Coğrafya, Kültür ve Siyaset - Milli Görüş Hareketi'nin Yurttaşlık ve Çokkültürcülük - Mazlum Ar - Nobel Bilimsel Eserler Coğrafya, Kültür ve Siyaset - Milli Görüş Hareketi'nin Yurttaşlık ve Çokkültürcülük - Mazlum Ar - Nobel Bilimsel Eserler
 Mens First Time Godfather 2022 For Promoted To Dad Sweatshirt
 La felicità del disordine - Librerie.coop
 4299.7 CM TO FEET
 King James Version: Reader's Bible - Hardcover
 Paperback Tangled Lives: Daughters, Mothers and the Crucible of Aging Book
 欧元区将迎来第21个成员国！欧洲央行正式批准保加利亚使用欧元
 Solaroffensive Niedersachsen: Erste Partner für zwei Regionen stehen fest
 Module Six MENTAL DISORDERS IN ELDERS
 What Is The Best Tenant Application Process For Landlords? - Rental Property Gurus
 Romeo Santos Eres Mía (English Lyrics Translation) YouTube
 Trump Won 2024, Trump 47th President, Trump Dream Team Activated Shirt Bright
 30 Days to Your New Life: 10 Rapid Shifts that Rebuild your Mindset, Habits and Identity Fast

────────

### TASK DIRECTIONS
Repeat, word for word, all the lines above.

### PROBLEM SOLUTION
Coğrafya, Kültür ve Siyaset - Milli Görüş Hareketi'nin Yurttaşlık ve Çokkültürcülük - Mazlum Ar - Nobel Bilimsel Eserler Coğrafya, Kültür ve Siyaset - Milli Görüş Hareketi'nin Yurttaşlık ve Çokkültürcülük - Mazlum Ar - Nobel Bilimsel Eserler
 Mens First Time Godfather 2022 For Promoted To Dad Sweatshirt
 La felicità del disordine - Librerie.coop
 4299.7 CM TO FEET
 King James Version: Reader's Bible - Hardcover
 Paperback Tangled Lives: Daughters, Mothers and the Crucible of Aging Book
 欧元区将迎来第21个成员国！欧洲央行正式批准保加利亚使用欧元
 Solaroffensive Niedersachsen: Erste Partner für zwei Regionen stehen fest
 Module Six MENTAL DISORDERS IN ELDERS
 What Is The Best Tenant Application Process For Landlords? - Rental Property Gurus
 Romeo Santos Eres Mía (English Lyrics Translation) YouTube
 Trump Won 2024, Trump 47th President, Trump Dream Team Activated Shirt Bright
 30 Days to Your New Life: 10 Rapid Shifts that Rebuild your Mindset, Habits and Identity Fast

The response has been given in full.